Four years ago my 65 year old husband had sold his boat and was in mourning. He was also stuck in a sedentary job that he hated, was overweight because he never got any exercise and rarely felt like socialising. Privately, I reasoned that a dog would provide a distraction, a way of getting out, exercising and meeting other people. But trying to persuade Himself (and the cat) was another matter.
In order to prove that mine was an Informed Choice, I got books from the library, spent hours on the internet and talked to everyone I knew about the cost, (our) suitability, vet’s bills and insurance. There was also the matter of our six-year-old cat. Spoilt only son, who could wind Himself round his left whisker.

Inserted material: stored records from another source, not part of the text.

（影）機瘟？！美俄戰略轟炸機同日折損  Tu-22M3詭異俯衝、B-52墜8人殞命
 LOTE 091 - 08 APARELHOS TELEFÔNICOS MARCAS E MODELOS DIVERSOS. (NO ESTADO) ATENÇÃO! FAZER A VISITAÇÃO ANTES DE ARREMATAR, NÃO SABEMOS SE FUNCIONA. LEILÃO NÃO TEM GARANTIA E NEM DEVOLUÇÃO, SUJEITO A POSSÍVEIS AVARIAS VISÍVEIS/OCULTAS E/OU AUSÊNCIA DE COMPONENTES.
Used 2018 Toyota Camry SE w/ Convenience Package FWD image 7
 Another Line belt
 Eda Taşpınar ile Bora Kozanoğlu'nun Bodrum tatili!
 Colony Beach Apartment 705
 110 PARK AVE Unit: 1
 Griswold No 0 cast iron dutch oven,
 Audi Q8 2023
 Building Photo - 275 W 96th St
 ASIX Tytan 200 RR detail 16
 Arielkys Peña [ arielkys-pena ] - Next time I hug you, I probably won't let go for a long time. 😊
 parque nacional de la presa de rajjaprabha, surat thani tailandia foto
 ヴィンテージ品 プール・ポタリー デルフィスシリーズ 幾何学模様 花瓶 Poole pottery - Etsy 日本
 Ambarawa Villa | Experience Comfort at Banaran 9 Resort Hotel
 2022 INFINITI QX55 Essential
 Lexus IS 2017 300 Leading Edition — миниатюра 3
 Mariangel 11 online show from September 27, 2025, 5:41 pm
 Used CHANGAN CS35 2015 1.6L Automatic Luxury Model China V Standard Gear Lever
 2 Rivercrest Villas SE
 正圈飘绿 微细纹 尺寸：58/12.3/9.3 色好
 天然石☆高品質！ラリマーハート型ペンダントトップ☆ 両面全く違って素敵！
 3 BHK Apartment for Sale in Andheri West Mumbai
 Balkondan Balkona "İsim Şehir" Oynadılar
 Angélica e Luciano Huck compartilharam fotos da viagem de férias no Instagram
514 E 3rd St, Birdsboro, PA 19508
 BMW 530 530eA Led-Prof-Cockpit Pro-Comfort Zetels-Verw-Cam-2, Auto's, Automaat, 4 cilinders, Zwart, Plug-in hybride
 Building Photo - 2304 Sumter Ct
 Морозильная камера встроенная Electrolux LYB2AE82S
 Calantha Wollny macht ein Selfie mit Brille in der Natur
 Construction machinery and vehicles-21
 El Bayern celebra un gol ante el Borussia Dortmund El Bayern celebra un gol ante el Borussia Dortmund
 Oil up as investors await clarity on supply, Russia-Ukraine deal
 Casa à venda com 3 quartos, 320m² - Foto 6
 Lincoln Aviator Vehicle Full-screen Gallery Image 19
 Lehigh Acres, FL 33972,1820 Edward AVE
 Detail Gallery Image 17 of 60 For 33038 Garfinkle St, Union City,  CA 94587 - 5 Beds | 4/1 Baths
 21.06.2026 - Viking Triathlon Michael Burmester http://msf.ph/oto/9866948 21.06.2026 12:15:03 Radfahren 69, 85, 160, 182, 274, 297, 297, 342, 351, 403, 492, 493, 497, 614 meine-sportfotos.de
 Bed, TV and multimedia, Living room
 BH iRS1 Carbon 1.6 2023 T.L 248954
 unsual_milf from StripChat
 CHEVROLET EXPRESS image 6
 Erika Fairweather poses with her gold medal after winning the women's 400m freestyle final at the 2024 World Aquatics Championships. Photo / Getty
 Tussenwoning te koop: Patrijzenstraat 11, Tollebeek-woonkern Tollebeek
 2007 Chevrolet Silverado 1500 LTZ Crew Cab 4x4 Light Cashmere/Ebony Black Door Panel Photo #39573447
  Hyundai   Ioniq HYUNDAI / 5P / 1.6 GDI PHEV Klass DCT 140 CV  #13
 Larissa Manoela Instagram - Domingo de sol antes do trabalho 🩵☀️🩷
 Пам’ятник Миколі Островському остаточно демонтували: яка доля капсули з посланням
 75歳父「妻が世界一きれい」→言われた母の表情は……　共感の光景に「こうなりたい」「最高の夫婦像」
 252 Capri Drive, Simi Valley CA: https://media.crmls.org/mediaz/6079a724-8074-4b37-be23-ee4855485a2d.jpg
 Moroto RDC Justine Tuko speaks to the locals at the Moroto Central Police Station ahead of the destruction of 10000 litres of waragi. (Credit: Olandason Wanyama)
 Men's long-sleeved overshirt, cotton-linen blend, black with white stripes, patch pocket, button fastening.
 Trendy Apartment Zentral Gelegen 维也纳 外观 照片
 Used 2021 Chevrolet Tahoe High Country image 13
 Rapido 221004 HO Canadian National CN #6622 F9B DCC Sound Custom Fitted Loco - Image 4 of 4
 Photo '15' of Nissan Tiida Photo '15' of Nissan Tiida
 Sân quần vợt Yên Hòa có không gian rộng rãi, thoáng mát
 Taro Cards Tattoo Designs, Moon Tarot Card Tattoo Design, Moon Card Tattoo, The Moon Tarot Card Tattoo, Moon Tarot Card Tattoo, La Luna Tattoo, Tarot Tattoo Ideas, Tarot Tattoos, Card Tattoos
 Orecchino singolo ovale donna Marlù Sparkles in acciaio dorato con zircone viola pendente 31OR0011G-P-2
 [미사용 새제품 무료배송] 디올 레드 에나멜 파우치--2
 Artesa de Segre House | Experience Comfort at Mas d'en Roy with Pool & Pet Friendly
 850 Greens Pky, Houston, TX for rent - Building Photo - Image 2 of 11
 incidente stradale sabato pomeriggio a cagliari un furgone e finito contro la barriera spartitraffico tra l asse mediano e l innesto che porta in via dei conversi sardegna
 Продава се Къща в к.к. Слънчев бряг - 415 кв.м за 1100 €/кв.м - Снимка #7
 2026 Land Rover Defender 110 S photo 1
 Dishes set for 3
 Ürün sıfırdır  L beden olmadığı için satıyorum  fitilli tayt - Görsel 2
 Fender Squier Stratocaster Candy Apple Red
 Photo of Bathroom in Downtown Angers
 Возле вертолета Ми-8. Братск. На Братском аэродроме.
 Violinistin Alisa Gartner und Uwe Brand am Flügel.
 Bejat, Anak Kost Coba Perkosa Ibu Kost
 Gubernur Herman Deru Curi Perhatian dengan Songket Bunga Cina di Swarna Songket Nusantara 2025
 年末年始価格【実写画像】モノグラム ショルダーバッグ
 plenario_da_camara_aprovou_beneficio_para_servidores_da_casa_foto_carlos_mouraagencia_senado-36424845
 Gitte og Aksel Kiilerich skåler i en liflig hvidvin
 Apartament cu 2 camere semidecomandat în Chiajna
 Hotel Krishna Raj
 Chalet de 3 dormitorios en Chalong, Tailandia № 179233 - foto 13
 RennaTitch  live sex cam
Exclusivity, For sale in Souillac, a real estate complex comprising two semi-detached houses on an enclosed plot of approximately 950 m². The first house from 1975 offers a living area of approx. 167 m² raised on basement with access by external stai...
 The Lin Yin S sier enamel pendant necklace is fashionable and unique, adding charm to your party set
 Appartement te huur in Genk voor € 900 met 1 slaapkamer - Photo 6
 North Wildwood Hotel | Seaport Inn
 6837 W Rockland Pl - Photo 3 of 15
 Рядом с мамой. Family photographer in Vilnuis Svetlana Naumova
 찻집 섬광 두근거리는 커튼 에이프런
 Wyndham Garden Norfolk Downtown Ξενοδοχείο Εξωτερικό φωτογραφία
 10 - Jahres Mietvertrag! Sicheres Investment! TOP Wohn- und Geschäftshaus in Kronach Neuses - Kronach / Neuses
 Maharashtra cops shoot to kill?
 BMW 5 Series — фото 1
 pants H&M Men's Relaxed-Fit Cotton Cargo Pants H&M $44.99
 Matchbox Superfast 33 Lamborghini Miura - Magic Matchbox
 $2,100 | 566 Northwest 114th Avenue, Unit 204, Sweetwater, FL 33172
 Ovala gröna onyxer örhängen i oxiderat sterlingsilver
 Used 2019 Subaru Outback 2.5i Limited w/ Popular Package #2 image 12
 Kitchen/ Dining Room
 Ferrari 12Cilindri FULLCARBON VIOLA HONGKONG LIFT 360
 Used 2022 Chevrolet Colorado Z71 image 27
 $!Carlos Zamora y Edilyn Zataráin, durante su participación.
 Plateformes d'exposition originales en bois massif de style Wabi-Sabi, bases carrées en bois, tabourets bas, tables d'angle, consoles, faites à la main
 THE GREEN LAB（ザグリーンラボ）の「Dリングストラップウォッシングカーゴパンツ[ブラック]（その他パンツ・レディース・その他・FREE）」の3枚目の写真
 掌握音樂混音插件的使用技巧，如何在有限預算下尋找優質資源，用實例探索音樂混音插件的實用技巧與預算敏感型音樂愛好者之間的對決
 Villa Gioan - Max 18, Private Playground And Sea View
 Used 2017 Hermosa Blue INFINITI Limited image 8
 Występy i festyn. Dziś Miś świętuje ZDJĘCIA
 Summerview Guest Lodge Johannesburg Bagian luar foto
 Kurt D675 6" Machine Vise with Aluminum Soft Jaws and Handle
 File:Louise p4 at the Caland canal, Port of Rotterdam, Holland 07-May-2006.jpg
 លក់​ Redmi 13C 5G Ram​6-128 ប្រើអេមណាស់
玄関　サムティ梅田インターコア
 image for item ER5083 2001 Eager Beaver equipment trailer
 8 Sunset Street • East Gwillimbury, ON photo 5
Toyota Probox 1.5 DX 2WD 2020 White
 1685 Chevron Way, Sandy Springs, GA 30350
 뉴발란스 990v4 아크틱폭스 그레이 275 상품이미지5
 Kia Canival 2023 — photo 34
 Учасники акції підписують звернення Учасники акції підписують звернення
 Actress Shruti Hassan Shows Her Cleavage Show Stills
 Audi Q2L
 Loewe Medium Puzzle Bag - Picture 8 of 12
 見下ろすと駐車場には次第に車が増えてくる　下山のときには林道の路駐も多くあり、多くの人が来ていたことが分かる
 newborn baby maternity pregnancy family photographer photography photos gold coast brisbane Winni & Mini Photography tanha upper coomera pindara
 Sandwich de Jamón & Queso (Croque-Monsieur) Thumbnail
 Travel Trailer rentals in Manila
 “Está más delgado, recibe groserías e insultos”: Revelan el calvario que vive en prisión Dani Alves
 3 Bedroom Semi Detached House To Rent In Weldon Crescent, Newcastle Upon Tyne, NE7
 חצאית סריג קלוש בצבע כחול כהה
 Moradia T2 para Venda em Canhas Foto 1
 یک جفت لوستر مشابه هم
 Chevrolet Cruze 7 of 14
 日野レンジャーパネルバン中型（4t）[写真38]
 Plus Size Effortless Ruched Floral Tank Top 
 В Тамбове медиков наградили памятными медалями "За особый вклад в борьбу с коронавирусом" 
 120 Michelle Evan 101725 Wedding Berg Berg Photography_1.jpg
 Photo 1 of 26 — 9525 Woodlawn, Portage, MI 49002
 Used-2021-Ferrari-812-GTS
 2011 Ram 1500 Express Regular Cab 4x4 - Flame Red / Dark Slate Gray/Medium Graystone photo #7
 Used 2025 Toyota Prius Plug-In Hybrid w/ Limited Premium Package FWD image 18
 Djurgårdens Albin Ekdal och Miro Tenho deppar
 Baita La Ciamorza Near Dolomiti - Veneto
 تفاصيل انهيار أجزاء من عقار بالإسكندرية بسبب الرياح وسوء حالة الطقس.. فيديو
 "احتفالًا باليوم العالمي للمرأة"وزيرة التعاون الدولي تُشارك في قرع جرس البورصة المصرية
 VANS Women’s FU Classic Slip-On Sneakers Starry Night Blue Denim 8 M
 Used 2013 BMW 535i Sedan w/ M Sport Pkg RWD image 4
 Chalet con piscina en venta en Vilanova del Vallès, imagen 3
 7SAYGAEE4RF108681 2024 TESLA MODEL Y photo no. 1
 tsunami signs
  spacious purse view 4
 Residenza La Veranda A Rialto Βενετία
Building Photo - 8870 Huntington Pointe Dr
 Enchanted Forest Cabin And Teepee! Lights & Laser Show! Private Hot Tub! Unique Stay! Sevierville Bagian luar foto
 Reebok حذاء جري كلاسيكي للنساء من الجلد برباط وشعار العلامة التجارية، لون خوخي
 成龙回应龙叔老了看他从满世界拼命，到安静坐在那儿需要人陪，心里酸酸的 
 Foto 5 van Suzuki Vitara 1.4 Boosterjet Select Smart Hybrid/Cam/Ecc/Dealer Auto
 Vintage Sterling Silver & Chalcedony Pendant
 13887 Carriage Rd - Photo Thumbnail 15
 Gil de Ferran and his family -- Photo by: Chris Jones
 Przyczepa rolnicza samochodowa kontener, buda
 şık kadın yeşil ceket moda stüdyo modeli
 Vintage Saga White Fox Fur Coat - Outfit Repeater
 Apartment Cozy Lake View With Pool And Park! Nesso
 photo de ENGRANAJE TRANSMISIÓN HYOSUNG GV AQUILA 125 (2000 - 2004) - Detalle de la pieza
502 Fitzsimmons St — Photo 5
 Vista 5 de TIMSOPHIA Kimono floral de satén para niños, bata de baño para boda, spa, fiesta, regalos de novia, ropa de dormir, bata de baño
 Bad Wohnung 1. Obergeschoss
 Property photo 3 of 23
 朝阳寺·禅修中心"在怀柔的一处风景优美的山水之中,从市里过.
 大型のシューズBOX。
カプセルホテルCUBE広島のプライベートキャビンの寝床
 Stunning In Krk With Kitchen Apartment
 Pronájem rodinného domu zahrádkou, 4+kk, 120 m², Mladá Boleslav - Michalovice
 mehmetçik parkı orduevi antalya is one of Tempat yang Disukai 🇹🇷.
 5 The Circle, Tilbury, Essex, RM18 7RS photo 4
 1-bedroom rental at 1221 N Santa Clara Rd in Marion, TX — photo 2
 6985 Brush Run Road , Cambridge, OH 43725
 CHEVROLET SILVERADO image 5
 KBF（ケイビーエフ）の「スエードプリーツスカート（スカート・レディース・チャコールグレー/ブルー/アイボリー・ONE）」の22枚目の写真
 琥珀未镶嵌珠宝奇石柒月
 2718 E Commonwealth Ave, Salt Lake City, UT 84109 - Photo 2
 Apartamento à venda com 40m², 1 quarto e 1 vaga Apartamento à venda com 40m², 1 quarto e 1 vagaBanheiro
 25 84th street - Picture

I’d been advised that it would be better to forget ideas about a rescue dog and get a puppy so that he could boss it around.
I’d thought that the dog should be small, given that we live in a one bedroom flat with not much garden, and one night Himself said grudgingly, “if you want to get a dog you should get one like that,” pointing to a Jack Russell walking past the window. I tried not to get too excited, but felt this was a significant breakthrough. It was the first time he’d shown any interest in anything for months.
Eventually I managed to get Himself interested enough to see a litter of Jack Russell puppies advertised in the local paper owned by some gypsies. He had nothing against the gypsies but didn’t take to the dog’s father, a short-haired Jack Russell, and proclaimed that he looked vicious.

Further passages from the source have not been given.